И еще одну полезную роль сыграл этот пресловутый дневник. Дело в том, что в нем в компрометирующем свете упоминался испанский пресс-атташе в Лондоне Бругада. Он любой ценой стремился избежать скандала и потому легко согласился сотрудничать, когда МИ-5 деликатно намекнула ему, что дневник может дать министерству иностранных дел благовидный предлог объявить его «персоной нон грата». Практически Бругада не выполнял особо серьезных шпионских заданий для МИ-5, но передавал достаточно сплетен о приезжающих в Англию испанцах.
Вскоре на долю секции выпал более крупный успех, хотя я нарушил все правила, чтобы его добиться, и вызвал страшную путаницу, в которой разобрались лишь после войны.

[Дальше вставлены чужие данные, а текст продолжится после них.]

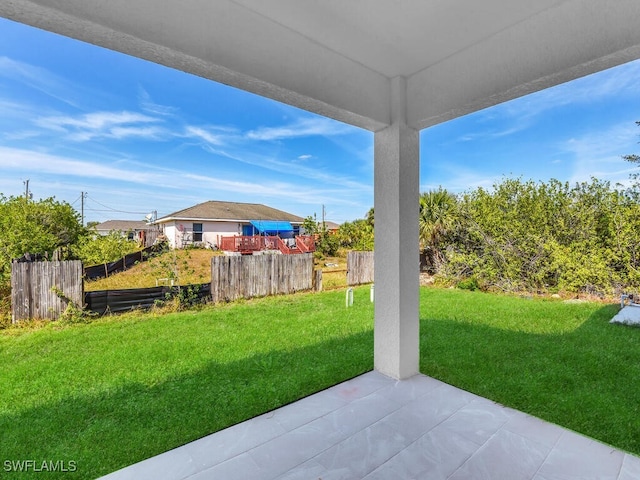 view of yard featuring a patio and fence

Секция получила перехваченную телеграмму, где указывалось, что на испанском пароходе «Кабо де Орнос» абвер направляет двух агентов в Южную Америку. С беспечностью, характерной для корреспонденции абвера, имена агентов приводились полностью. Один из них, некий Леопольд Хирш, ехал вместе с женой и тещей, другой был Гилинский. Незадолго до их посадки на пароход была перехвачена вторая загадочная телеграмма — из немецкой резидентуры в Бильбао. В телеграмме подтверждалось, что Хирш и его «Orki»-спутники готовы к отплытию. Нас заинтересовало слово «Orki». Что оно могло означать? Может быть, организацию революционного коммунистического интернационала, представлявшую группу отщепенцев-троцкистов, которых поддерживали немцы в борьбе против русских союзников Англии?
Проверили по имевшимся досье весь список пассажиров «Кабо де Орнос» и нашли по крайней мере десяток людей, чья карьера подсказывала возможные связи с ренегатами. Примерно половина из них казалась негодяями, способными принять участие в махинациях абвера.

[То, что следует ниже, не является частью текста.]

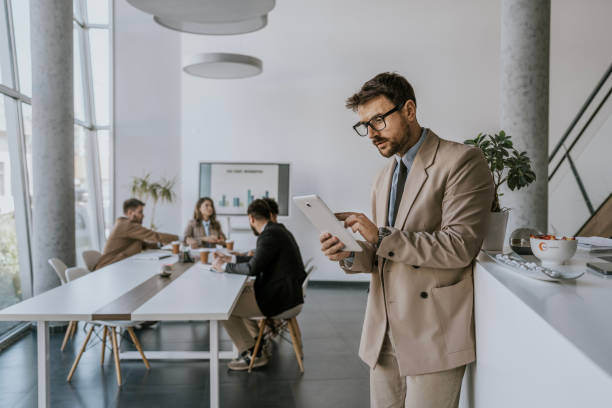 istock Businessman using tablet in modern office during meeting 2160143593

Посоветовавшись с Каугиллом, я направил офицеру службы безопасности в Тринидаде, куда должен был зайти пароход, телеграмму с распоряжением арестовать семью Хирш, Гилинского и некоторых других. Я не имел никакого права отдавать приказание об аресте этих или каких-либо других лиц. Согласно установленной процедуре мне нужно было бы внести рекомендацию в МИ-5, вторая рекомендация пошла бы из МИ-5 в министерство колонии, которое дало бы указание «о рассмотрении на месте» губернатору Тринидада, а губернатор в свою очередь отдал бы соответствующее распоряжение местному офицеру службы безопасности. К счастью, офицер оказался энтузиастом и действовал по моему распоряжению без лишних вопросов. Еще большей удачей оказалось то, что Хирш быстро признался и заявил, можно считать правдиво, что не имел никакого намерения выполнять задание немцев, а принял его лишь с целью выбраться из Европы. В радужном настроении, вызванном таким «триумфом», мы поначалу не обратили внимания на то обстоятельство, что остальных задержанных никак не удалось заставить признаться в чем-либо, хотя бы отдаленно напоминающем шпионаж. Обыск их багажа показал, что все они в большей или меньшей степени нарушили законы о контрабанде, поэтому у нас на всякий случай оказались незначительные формальные основания для их задержания.
Тайна раскрылась примерно через год. Одного из работников моего направления, отвечавшего за обработку перехваченных материалов, вдруг осенила мысль. Он связался по телефону с Палмером из шифровальной школы и попросил его проверить соответствующую радиограмму из Бильбао. Не могли ли «Orki» ошибочно стоять вместо слова «Drei» («три»)? Очень скоро Палмер дал ответ.